# Information provided
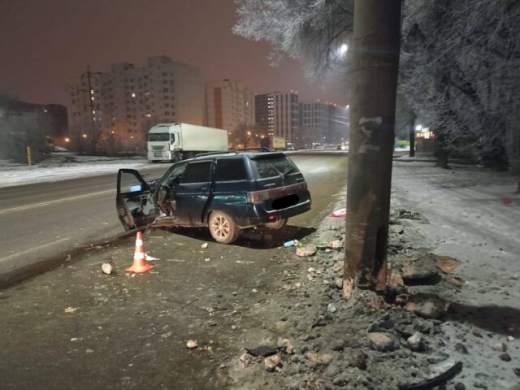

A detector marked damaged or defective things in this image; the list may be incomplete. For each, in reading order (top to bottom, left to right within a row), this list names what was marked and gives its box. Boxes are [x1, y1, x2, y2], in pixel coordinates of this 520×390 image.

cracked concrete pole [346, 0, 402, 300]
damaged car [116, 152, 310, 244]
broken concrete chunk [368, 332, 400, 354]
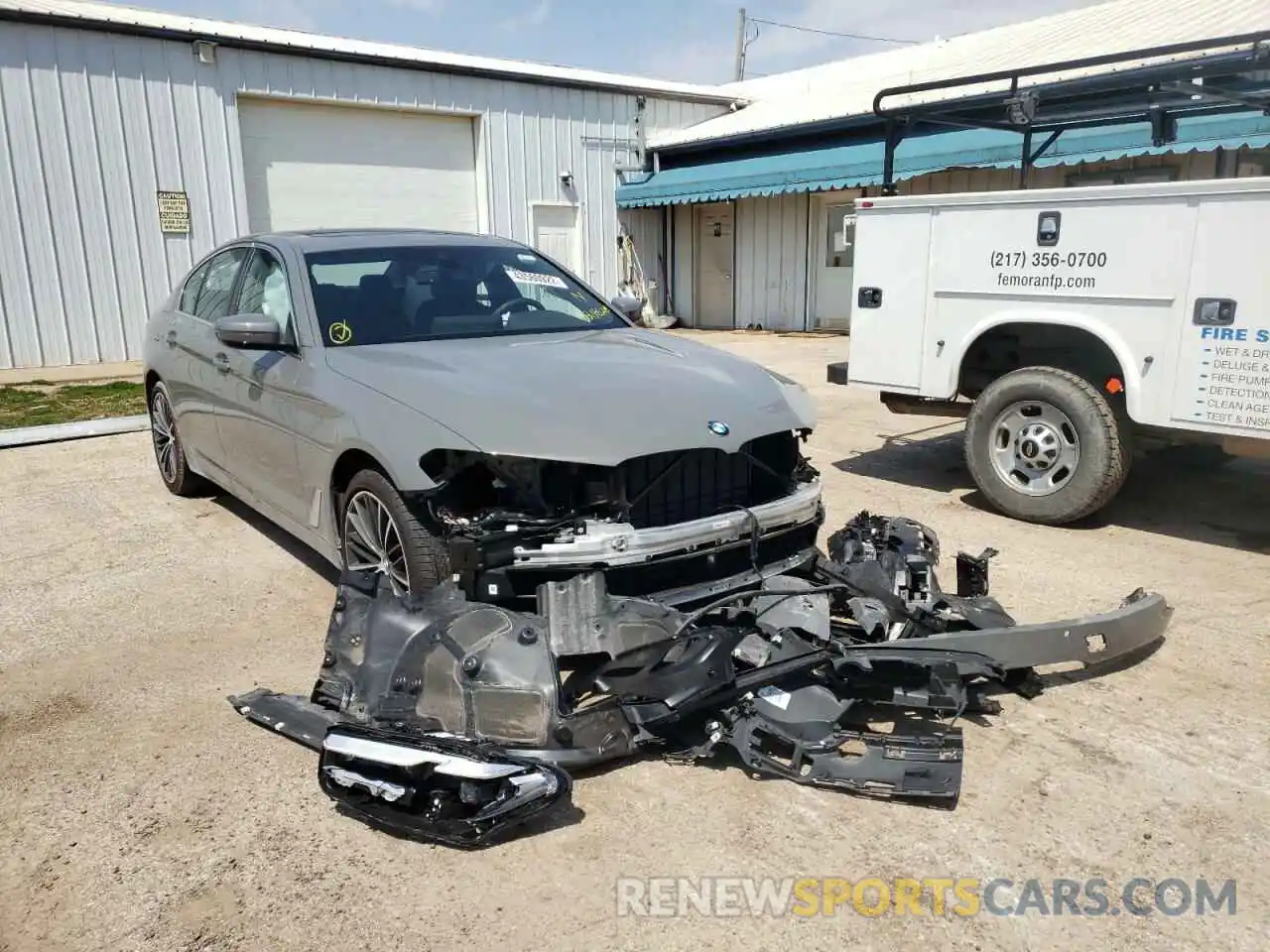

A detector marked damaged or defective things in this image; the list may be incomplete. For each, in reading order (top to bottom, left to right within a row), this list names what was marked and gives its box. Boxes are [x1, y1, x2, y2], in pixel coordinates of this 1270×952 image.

# Work instructions
Omit every picture, and otherwise quote the entries exactly.

# Output of the exercise
A detector marked damaged or defective things in this image; the list may be incomplete. For each, in reading order (top to bottom, left to right within a row), this list names what was marked and gives its box. Boxes are [x1, y1, x2, y2], in pixel coordinates of this 520×390 image.

cracked concrete pole [346, 0, 402, 300]
damaged car [116, 152, 310, 244]
broken concrete chunk [368, 332, 400, 354]

A detector marked damaged or defective things in this image; the list may be incomplete. For each, in reading order (top to bottom, left to right within a row), this list names what was marked and gives its box. Boxes are [x1, y1, x2, y2], in pixel coordinates of this 1270×952 image.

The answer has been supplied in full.